SOURCE DATA —

★ ★ ★ ★ ★ ★ ★

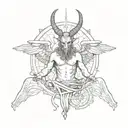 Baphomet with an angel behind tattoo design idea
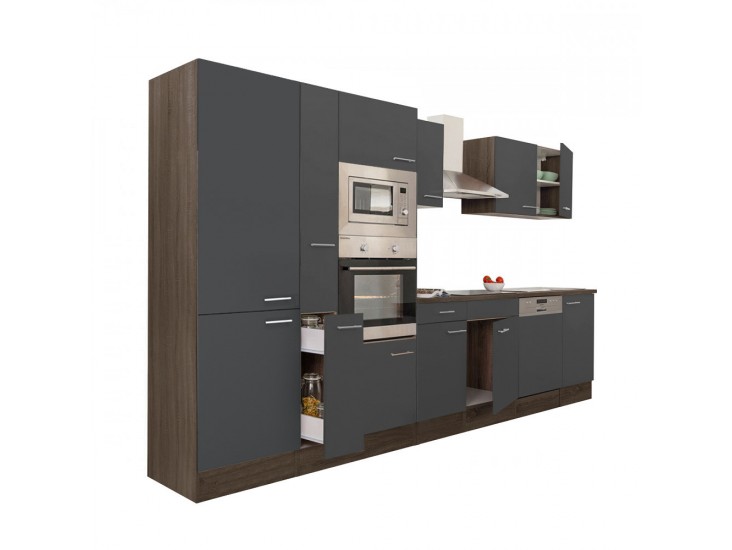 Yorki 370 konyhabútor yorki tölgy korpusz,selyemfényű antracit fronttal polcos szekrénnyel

★ ★ ★ ★ ★ ★ ★

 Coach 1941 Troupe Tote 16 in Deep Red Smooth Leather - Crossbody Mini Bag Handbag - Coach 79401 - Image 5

★ ★ ★ ★ ★ ★ ★

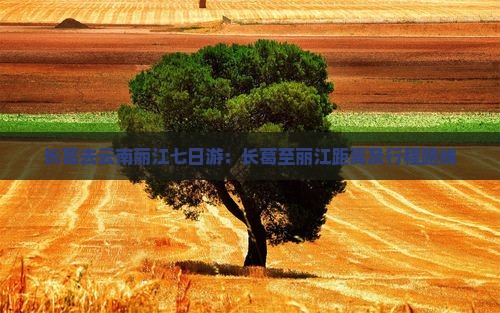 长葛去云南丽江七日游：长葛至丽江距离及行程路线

★ ★ ★ ★ ★ ★ ★

ASSIGNED TASK — Transcribe the listing above exactly, but only from the line with "Baphomet with an" through the line with "Yorki 370 konyhabútor". Include both of those lines and omit the pictures.

WRITTEN ANSWER —
 Baphomet with an angel behind tattoo design idea
 Yorki 370 konyhabútor yorki tölgy korpusz,selyemfényű antracit fronttal polcos szekrénnyel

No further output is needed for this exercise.